→ DATA FOR THE TASK:

++++

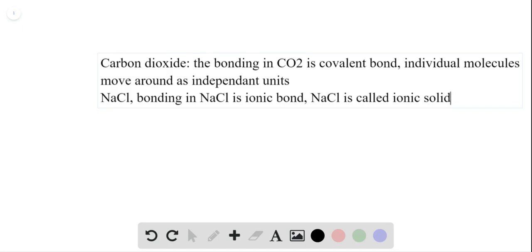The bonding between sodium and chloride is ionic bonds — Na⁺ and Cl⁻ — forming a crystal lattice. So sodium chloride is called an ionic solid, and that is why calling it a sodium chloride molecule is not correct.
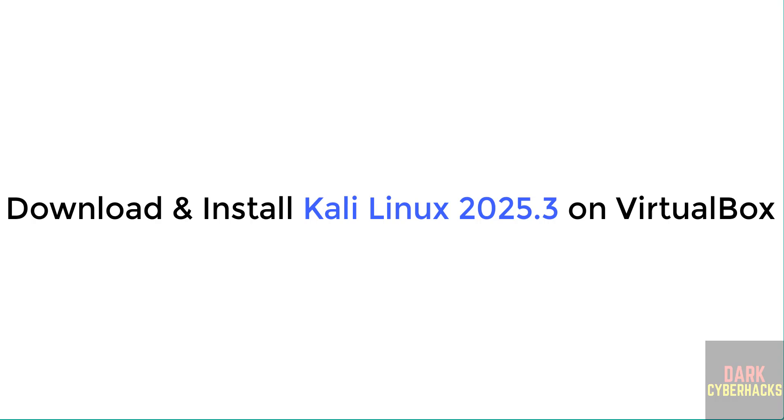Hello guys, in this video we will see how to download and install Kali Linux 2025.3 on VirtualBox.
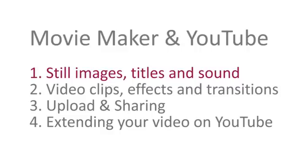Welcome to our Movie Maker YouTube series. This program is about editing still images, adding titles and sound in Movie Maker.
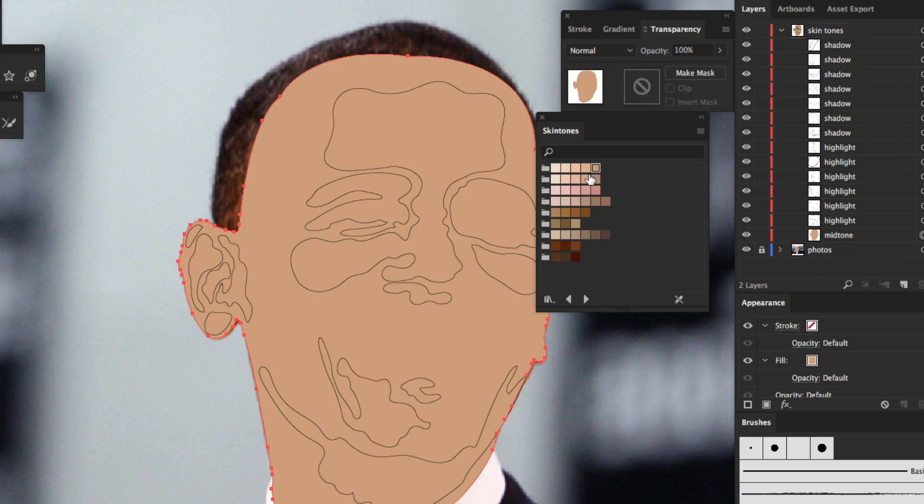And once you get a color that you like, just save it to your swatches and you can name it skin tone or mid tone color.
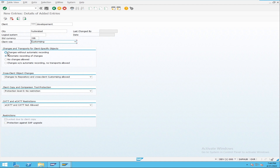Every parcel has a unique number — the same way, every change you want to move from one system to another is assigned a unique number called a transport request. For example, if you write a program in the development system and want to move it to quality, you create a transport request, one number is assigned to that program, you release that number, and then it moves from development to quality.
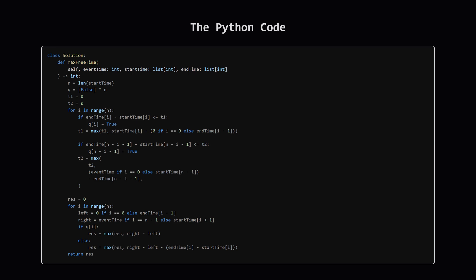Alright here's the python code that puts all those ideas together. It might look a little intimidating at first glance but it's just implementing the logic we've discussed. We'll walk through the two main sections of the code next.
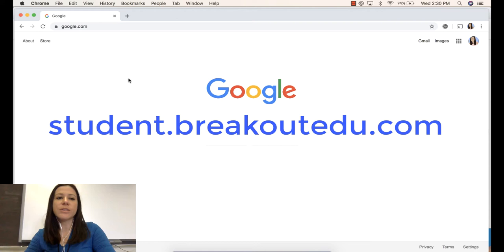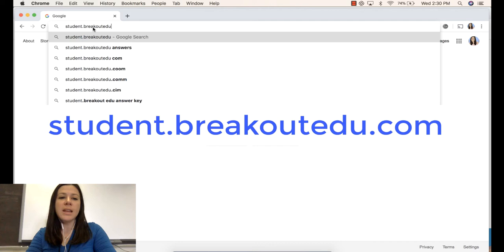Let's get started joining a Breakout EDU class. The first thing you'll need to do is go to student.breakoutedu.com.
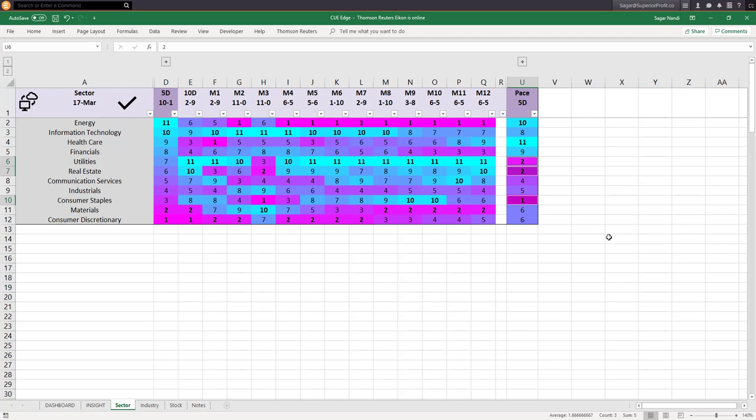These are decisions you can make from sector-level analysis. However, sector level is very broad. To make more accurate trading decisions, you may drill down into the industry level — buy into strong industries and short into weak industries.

++++

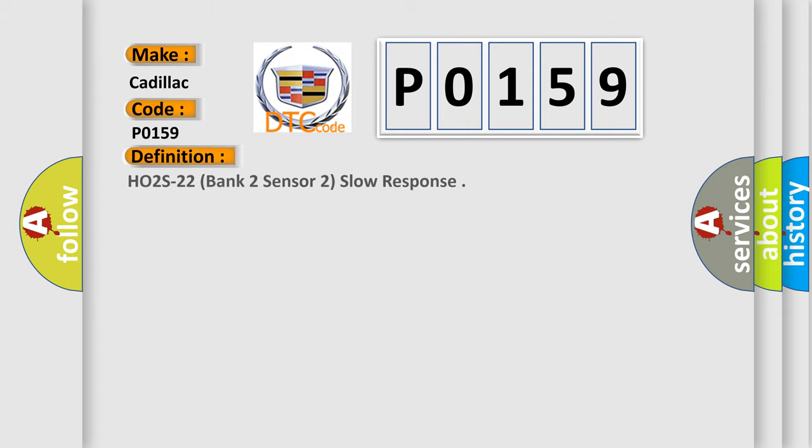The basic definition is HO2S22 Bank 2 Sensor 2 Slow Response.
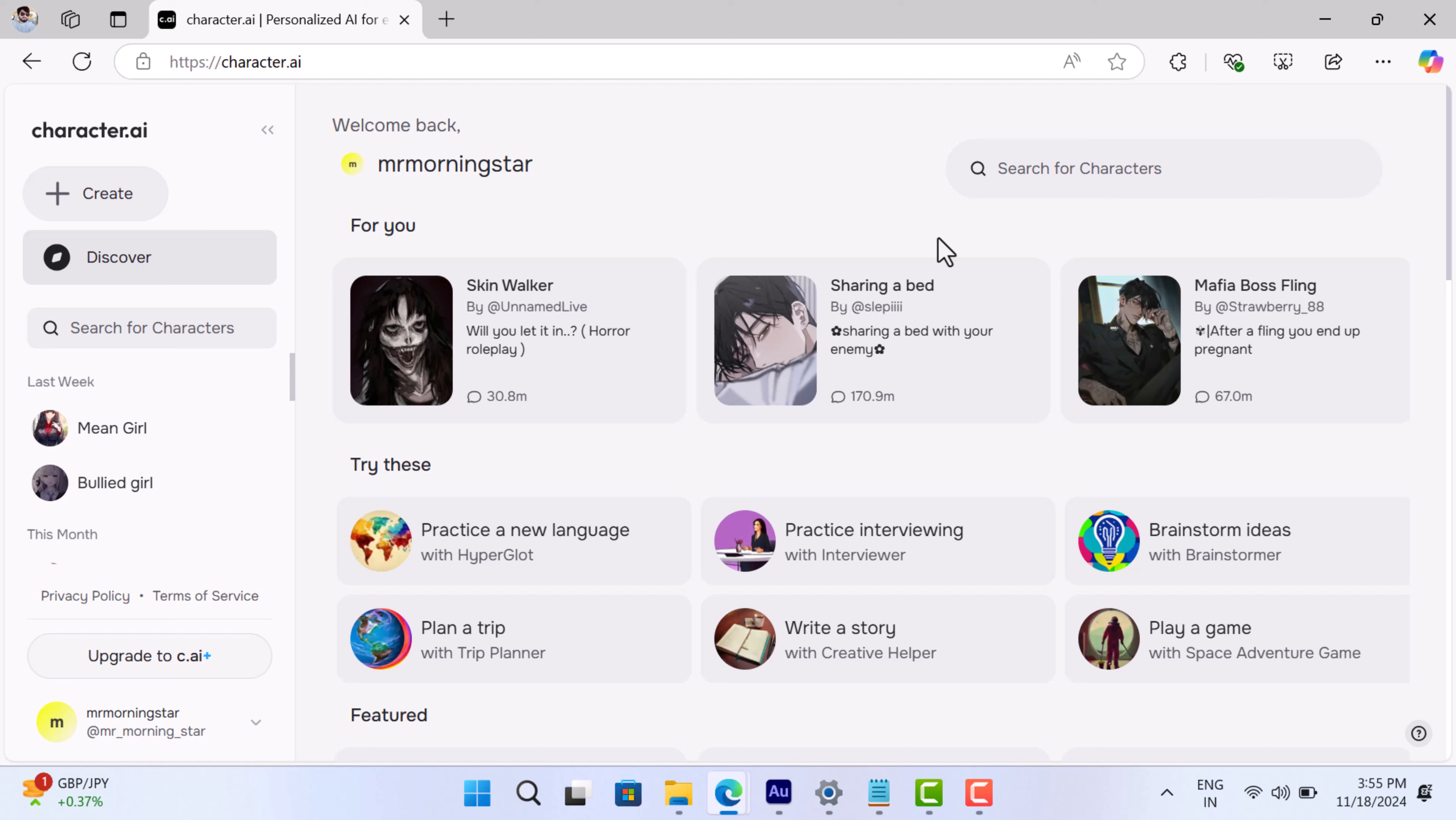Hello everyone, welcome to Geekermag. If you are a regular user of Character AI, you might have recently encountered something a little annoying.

++++

→ WHAT IS REQUIRED: All that should be printed is the run of lines above from the one with "The bonding between" through the one with "And once you", both included, exactly as given, with pictures left out.

→ THE ANSWER:
The bonding between sodium and chloride is ionic bonds — Na⁺ and Cl⁻ — forming a crystal lattice. So sodium chloride is called an ionic solid, and that is why calling it a sodium chloride molecule is not correct.
Hello guys, in this video we will see how to download and install Kali Linux 2025.3 on VirtualBox.
Welcome to our Movie Maker YouTube series. This program is about editing still images, adding titles and sound in Movie Maker.
And once you get a color that you like, just save it to your swatches and you can name it skin tone or mid tone color.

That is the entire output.